The EU and its MS actively promoted clear and ambitious language on Gender Equality in the Centenary Declaration, with regular evaluation of progress made and ensuring equal opportunities, equal participation and equal treatment, including equal remuneration for women and men for work of equal value. Promoting gender equality and inclusive labour markets is a precondition for ensuring decent work for all and achieving  the Sustainable Development Goals, including SDG 5 on gender equality and empowering all women and girls.

The EU also supports a number of ILO projects that promote gender equality, including realizing women migrant workers' rights and opportunities in the ASEAN region; economic empowerment of women at work through responsible business conduct; or the Win-Win: Gender Equality Means Good Business project.

ILO research shows that the progress on gender equality and women’s empowerment in the world of work has been very slow globally, and has stalled or even been eroded in a number of areas. The Covid-19 pandemic has made this situation even worse.

We welcome the progress identified in the mid-term report as many quantitative targets have been reached or even exceeded. We believe that the Action Plan complements existing initiatives and contributes to further institutionalization. It also identifies remaining areas for improvement and provides internal mechanisms to address these areas. It is commendable that the ILO conducts independent evaluations of the implementation of its own gender policy and its operationalization through its action plan. Internal accountability has been reinforced as a result of the Action Plan.

Despite all of this, the mid-term report reveals a rather sobering picture and presents a number of challenges, especially when considered in the context of COVID 19. For example in the Europe and Central Asia Region, only 6% of project and programme proposals have met the set level of the crosscutting policy driver on gender equality and non-discrimination. Similar deficits also occurred in other regions.

With regard to oversight and accountability, we note that most of the targets were not met and therefore strongly encourage the ILO to increase its efforts to address this.

Only 25 % of field office reports identified gender-related risks and mitigating actions taken. Regrettably, no audit has yet been designed on internal sexual harassment control and response procedures. Up-to-date sex-segregated statistics in accordance with the targets should also be provided in a timely manner. Gender equality and non-discrimination in country programmes should be enhanced in terms of both human and financial resources.

The ILO’s Policy on Gender Equality and Mainstreaming identifies gender parity, including in senior posts, as a priority area. We welcome the positive development in the women’s overall share of regular budget professional positions. However, the situation at higher grades has deteriorated since 2010 which is a concerning development. It is also apparent that we all have further work to do with respect to women delegates and advisers accredited and registered in the International Labour Conference and in regional meetings.

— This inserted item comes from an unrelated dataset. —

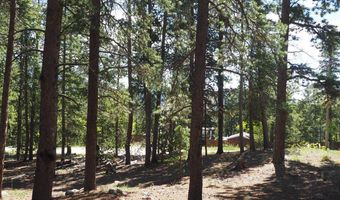 0 Caesar Rd, Black Hawk, CO 80422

Decent work for all remains a strong priority for all parties. We look forward to the ILO report at the next ILC on Inequalities and the World of Work, including analyses on the impact of the COVID-19 pandemic to equality and non-discrimination at work. We welcome the views of the Office as well as other Governments, Employers and Workers.

With regards to the decision point, we need a little more time to coordinate also within IMEC, as Johanna mentioned as IMEC burdensharer, on a potential amendment of the decision point according to our statements.